Now, if you're feeling even more charitable:

I've collected 3400, remitted 1400, still due to remit 900 after quick method calc and get to keep 1100:

What's my 2680 Taxes payable ? 2000 balances the tax return, but the Quick method tells me to remit only 900.

How do I go about it ?

Again, many thanks


----------



## Market Lost (Jul 27, 2016)

This may surprise you, but part of the rational for the quick method is that it is there to provide a bit of compensation for filing the HST. The government does have some good points.
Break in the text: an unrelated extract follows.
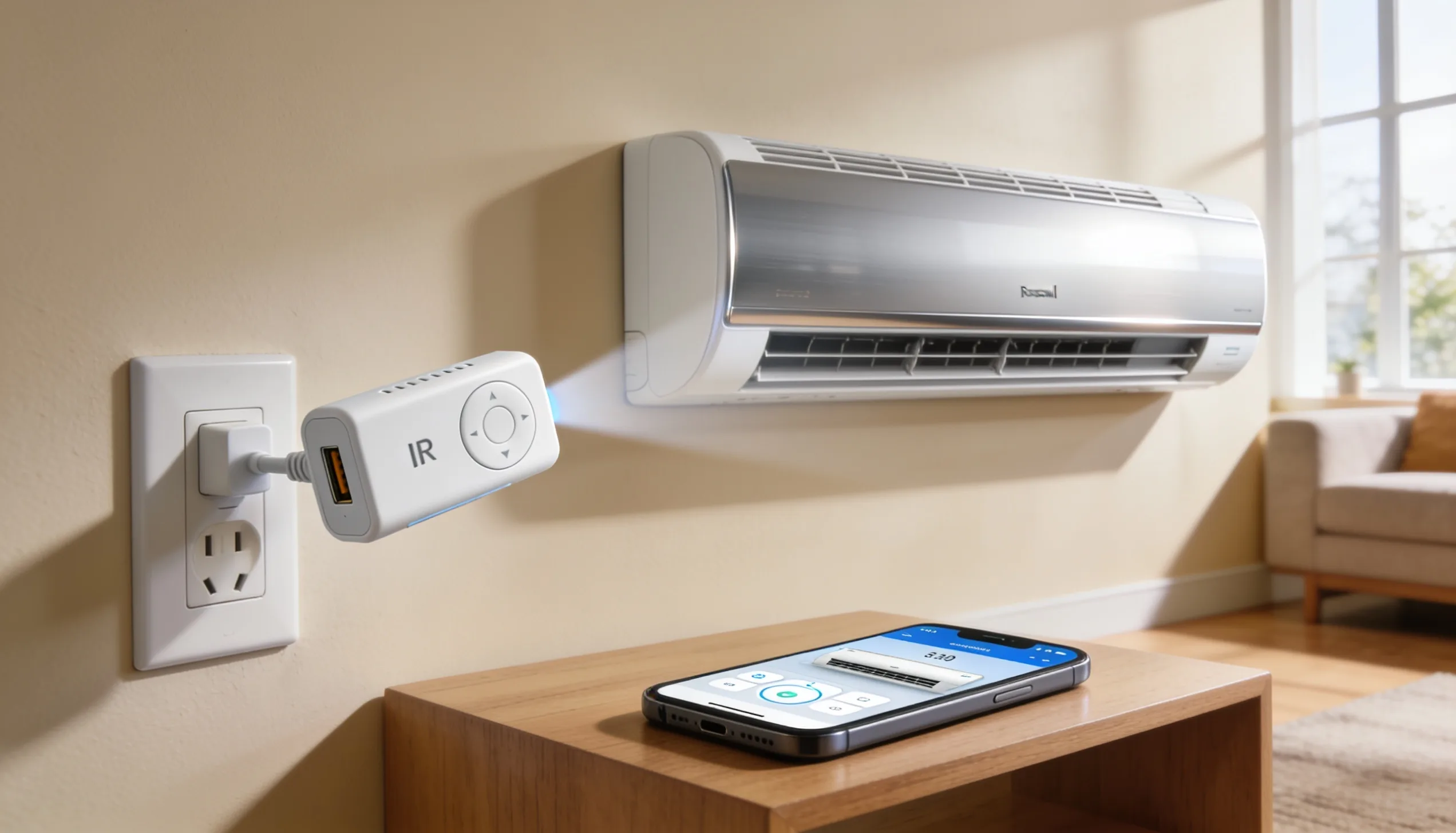 Controle IR inteligente tornando ar condicionado comum em smart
Is your second question asking how to account for the remittance that you don't submit?


----------



## KFried (Oct 4, 2016)

That's good incentive to file HST !

Yes, it's about the amount I get to kepp. Not sure to explain better than with the numbers provided. I guess - if my line 2680 Taxes payable does not include "the incentive", how do I balance the return ?

Thanks, wish I could explain better.


----------



## Market Lost (Jul 27, 2016)

Sorry for the delay in responding, for some reason this thread didn't highlight properly.

You don't balance the return for the quick method, you simply do the math, and send it in. 

For your income tax, I don't recall the exact way I used to capture this for the books. It's either a reduction of expenses, or a miscellaneous income, but I don't recall, which method was preferred, if either.


----------